(Input data begins)

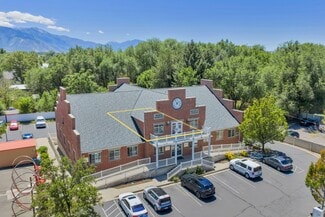 Springville, UT Office - 370 E 400 S Springville, UT Office - 370 E 400 S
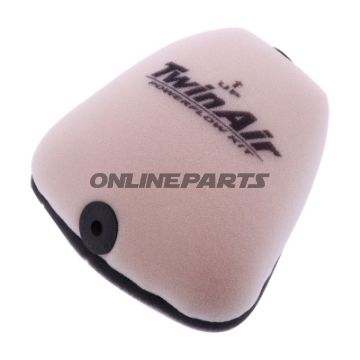 Racerluftfilter skum Twin Air til Powerflow Kit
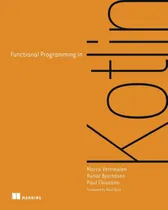 Comprar Libro:  Functional Programming In Kotlin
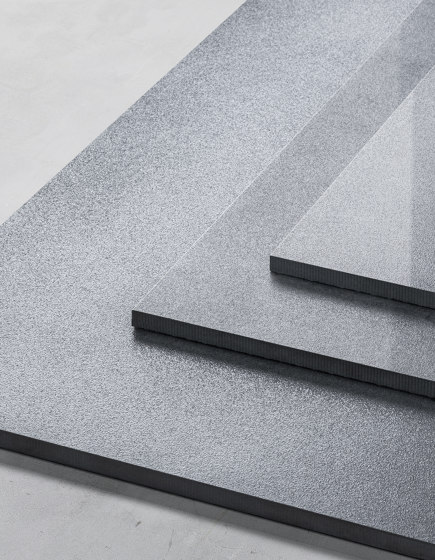 Kerinox Bianco | Concrete / cement flooring | Casalgrande Padana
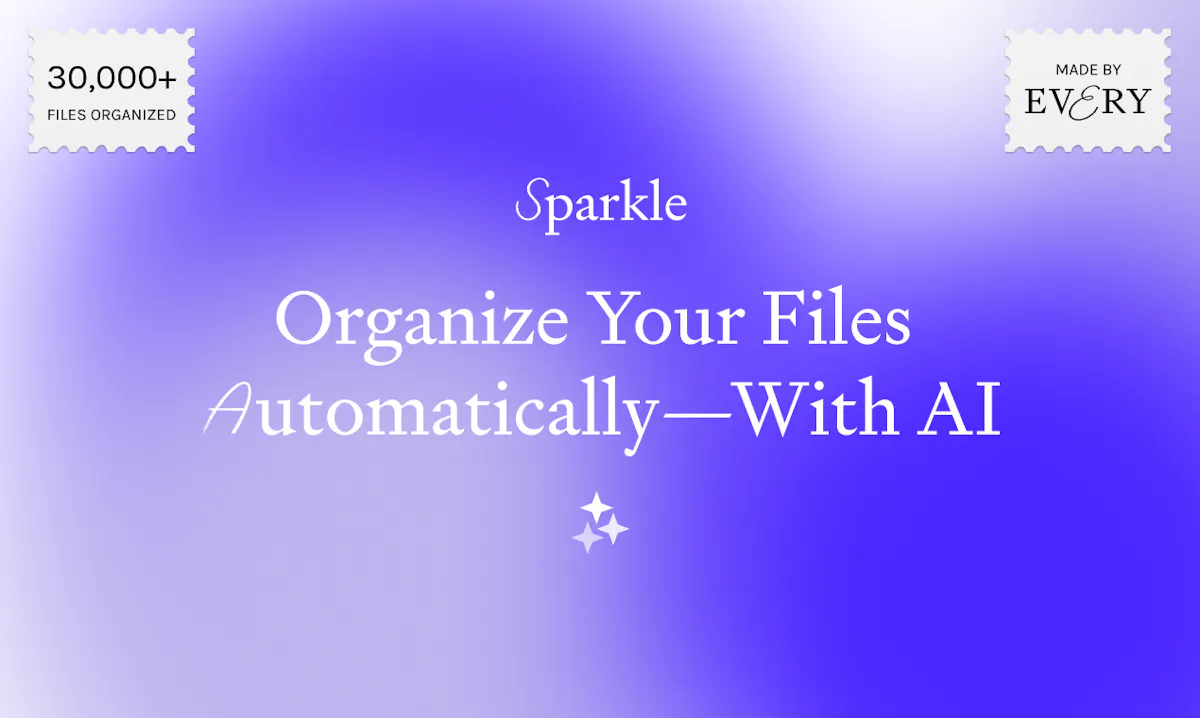 Sparkle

(Input data ends)

Task: Restate each entry verbatim and skip every image.

Solution for this exercise:
 Springville, UT Office - 370 E 400 S Springville, UT Office - 370 E 400 S
 Racerluftfilter skum Twin Air til Powerflow Kit
 Comprar Libro:  Functional Programming In Kotlin
 Kerinox Bianco | Concrete / cement flooring | Casalgrande Padana
 Sparkle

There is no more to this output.